## EXERCISE GOAL
Output all the data exactly. Pictures do not belong in the copy.

## DATA EXCERPT
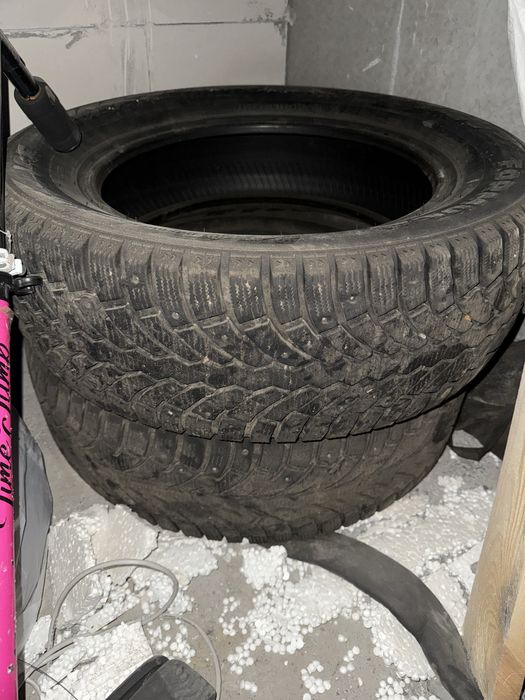 Зимние шины 2 штук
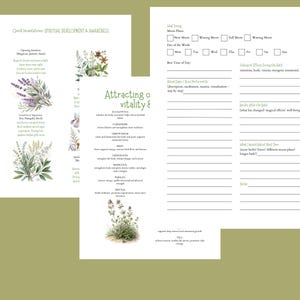 Pu&ograve; includere: Un diario di due pagine con sfondo verde chiaro. La pagina sinistra presenta testo e illustrazioni di erbe. La pagina destra ha sezioni per la fase lunare e note. Il testo include "Spiritual Development & Awareness."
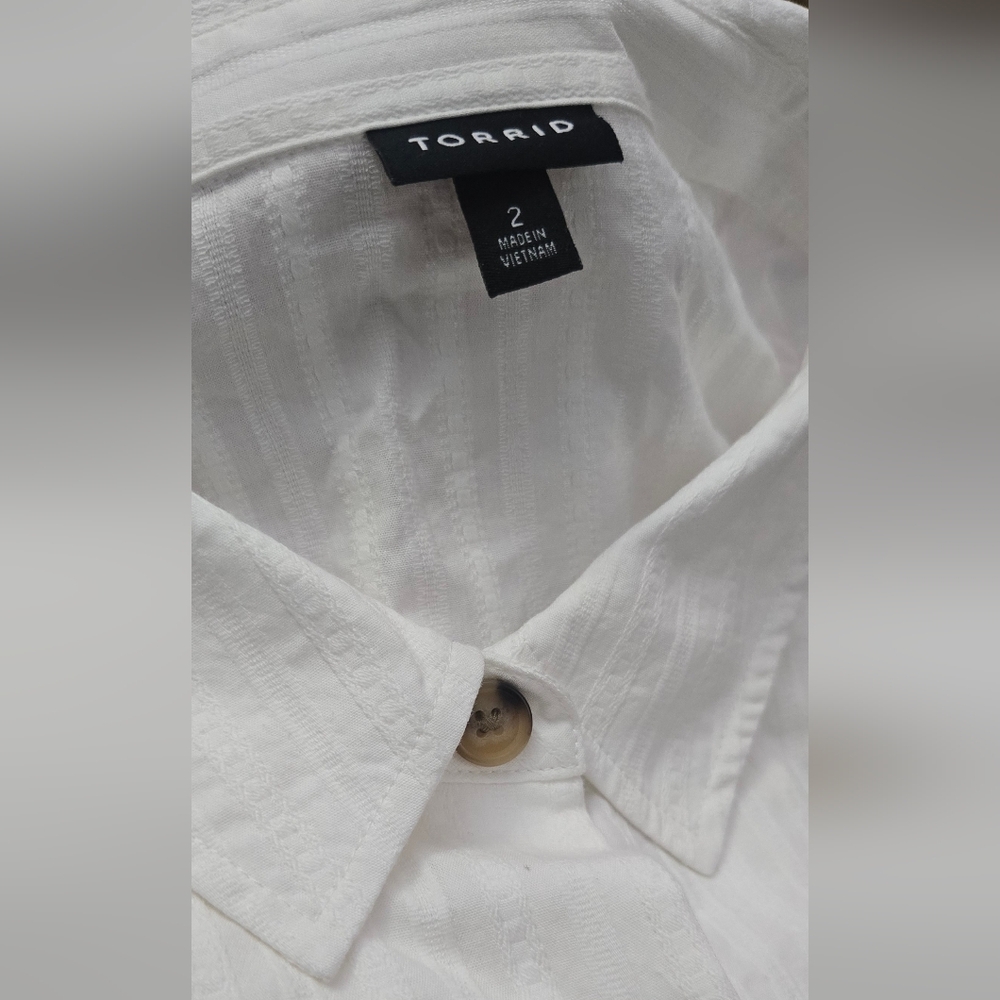 Torrid White Puff Sleeve Button Down Collared Blouse, New 2X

## COMPLETED EXERCISE
 Зимние шины 2 штук
 Pu&ograve; includere: Un diario di due pagine con sfondo verde chiaro. La pagina sinistra presenta testo e illustrazioni di erbe. La pagina destra ha sezioni per la fase lunare e note. Il testo include "Spiritual Development & Awareness."
 Torrid White Puff Sleeve Button Down Collared Blouse, New 2X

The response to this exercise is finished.